Depuis la parution de cet article, certain·es n’hésitent pas à pointer du doigt les vegans en les traitant d’extrémistes et en disant qu’ils doivent « arrêter leurs conneries ». J’aimerais demander à ces personnes d’en faire autant, ne serait-ce qu’en se renseignant un peu plus. A force de ne voir que des tristes nouvelles de ce genre, vous ignorez qu’il y a plein (de plus en plus!) de mamans ou futures mamans végétaliennes, plein de bébés qui naissent en bonne santé et grandissent sans la moindre carence, parce qu’en ayant une alimentation adaptée et variée, ces histoires de carences ne sont qu’un mythe.

« Un régime végétalien bien planifié, de même que d’autres régimes végétariens, est adapté à tous les stades de la vie, y compris en cours de grossesse, pendant l’allaitement, la petite enfance, l’enfance et l’adolescence. » (Association américaine de diététique).

Il y a aussi ceux qui exigent de nous, les vegans, « qu’on arrête d’imposer notre point de vue » aux autres et surtout aux enfants (je ne vais pas vous mentir, cette requête est souvent formulée de façon moins aimable). A cela je répondrais que, tout est relatif. On peut tout aussi bien reprocher aux parents qui mangent de la chair animale de faire en sorte que leurs enfants en mangent aussi, dire qu’iels imposent également leur point de vue. Vous ne me verrez pourtant jamais crier au scandale, le jour où je verrai des parents emmener leur progéniture au Burger King. Après tout, quoi que j’en pense, ça ne regarde qu’eux et c’est leur décision. Tout ce que je peux faire, moi, c’est informer les gens des horreurs liées à l’exploitation des animaux non-humains, espérer que cela ouvre les yeux de certains, mais surtout et avant tout, vivre en harmonie avec mes valeurs et principes. Des valeurs que j’ai bien l’intention de transmettre à mes enfants. Car oui, si un jour, j’ai des enfants, iels seront vegans, du moins jusqu’à un certain âge où iels pourront faire un choix réfléchi. C’est une question que j’ai souvent entendu (trop souvent à mon goût #occupezvousdevosfesses), parfois de la part des étrangers.

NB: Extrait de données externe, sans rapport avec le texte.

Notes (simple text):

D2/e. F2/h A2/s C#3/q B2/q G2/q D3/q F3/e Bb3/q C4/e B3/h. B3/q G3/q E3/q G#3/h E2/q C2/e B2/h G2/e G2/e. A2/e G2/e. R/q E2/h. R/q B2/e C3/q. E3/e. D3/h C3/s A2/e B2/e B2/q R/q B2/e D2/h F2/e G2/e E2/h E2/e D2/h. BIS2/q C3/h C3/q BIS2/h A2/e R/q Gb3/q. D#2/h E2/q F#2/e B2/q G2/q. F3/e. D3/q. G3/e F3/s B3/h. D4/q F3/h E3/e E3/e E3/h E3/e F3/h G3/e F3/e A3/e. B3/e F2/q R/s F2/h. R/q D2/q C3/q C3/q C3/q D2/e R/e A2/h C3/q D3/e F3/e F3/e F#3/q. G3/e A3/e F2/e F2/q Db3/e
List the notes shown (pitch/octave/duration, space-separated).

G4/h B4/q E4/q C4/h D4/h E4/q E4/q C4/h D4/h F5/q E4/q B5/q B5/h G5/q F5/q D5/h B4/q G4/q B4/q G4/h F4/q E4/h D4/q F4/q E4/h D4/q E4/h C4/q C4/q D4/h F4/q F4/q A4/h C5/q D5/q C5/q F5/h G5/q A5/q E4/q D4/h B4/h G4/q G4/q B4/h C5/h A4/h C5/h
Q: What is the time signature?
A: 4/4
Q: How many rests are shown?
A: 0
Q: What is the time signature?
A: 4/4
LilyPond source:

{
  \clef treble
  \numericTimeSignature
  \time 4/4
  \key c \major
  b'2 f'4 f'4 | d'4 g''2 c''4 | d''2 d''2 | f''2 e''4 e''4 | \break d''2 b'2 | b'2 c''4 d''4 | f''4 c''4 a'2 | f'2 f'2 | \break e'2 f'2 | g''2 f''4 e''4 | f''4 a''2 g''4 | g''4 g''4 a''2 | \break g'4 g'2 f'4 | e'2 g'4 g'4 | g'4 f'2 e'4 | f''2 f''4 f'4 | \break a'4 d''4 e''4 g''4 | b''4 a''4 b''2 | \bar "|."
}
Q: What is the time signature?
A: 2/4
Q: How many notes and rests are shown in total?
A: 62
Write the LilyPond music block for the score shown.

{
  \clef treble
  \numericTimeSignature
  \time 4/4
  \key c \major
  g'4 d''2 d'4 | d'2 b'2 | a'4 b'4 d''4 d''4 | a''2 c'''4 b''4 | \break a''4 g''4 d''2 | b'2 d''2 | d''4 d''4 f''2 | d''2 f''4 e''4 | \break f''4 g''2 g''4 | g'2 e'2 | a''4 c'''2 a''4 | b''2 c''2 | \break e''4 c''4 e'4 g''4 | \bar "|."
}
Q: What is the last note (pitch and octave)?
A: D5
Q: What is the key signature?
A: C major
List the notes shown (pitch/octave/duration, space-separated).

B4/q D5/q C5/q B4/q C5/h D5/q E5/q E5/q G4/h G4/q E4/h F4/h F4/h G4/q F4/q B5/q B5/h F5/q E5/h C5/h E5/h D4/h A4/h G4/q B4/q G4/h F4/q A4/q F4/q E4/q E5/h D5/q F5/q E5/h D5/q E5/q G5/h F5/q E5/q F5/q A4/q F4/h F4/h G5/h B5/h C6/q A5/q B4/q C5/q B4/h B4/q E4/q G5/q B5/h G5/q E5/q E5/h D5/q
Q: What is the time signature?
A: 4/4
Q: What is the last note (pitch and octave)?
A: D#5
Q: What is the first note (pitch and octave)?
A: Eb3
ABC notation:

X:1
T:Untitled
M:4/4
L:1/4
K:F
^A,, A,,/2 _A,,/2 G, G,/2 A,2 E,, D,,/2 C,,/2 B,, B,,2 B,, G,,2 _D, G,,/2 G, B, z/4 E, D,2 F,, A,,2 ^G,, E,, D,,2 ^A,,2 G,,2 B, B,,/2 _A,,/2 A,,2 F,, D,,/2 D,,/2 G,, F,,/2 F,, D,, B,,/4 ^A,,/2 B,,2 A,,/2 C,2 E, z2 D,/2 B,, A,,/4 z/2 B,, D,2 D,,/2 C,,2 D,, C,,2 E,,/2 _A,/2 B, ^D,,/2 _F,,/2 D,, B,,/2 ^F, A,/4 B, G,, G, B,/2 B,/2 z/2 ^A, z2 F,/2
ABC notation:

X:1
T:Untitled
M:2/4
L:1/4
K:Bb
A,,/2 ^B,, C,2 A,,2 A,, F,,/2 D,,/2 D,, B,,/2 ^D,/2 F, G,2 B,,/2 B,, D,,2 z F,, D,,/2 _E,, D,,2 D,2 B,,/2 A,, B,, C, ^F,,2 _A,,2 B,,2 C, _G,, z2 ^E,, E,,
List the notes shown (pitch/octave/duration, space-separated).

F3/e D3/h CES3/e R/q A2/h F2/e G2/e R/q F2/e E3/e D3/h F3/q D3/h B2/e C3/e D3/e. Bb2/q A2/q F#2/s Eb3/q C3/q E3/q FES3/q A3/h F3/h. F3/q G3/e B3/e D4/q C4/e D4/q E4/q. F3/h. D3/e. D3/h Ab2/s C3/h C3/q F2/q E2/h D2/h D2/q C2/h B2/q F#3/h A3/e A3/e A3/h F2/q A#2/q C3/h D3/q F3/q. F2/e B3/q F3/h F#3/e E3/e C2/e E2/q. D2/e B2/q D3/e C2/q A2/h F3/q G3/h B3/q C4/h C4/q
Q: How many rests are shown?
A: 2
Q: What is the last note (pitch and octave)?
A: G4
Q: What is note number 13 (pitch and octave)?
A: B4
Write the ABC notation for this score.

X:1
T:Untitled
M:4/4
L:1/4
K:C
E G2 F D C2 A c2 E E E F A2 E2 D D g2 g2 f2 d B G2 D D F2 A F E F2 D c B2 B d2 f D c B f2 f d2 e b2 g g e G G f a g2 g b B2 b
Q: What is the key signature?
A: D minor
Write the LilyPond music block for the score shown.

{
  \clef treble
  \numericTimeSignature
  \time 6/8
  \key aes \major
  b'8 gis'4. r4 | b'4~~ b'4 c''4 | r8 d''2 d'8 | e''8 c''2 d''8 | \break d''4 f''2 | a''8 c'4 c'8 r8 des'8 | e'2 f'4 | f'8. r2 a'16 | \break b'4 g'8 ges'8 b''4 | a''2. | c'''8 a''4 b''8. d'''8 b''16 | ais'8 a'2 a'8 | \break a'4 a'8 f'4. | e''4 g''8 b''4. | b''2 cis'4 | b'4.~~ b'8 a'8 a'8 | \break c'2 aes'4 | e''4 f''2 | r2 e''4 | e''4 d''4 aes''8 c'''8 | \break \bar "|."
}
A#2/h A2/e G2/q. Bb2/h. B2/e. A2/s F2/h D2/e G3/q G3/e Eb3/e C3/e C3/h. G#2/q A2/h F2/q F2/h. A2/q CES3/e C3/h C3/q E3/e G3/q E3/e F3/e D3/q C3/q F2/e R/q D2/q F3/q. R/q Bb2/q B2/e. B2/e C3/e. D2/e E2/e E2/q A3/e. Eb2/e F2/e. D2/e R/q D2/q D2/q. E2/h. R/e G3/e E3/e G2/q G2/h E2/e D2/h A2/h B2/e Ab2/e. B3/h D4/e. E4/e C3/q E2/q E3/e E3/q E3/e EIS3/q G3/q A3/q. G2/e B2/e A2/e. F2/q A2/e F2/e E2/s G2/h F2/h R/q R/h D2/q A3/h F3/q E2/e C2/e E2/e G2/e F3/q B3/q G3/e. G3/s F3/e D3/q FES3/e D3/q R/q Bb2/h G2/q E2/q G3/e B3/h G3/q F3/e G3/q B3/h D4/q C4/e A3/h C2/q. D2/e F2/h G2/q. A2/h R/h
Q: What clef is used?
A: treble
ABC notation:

Bien que je sois flattée de cet intérêt pour ma façon de vivre, ce ne sont pas leurs avis, leur scepticisme ou leurs regards accusateurs qui ébranleront ma vision des choses, ou me feront changer d’avis.

Les éleveurs peuvent continuer de se réjouir de ce drame – qu’ils considèrent être un coup dur pour les vegans – et en profiter pour faire la promotion de leur ignoble profession en prétendant que le lait de vache est indispensable à la santé; ça ne fait que renforcer mon profond dégoût pour ce « métier » (vraiment, il est grand temps de se reconvertir). Des parents ont perdu un enfant parce qu’ils manquaient d’informations. A nous tous de faire en sorte que les informations sur l’alimentation végétalienne, qu’elle concerne les enfants en bas âge ou les adultes, soient plus accessibles, afin d’éviter tout autre incident à l’avenir.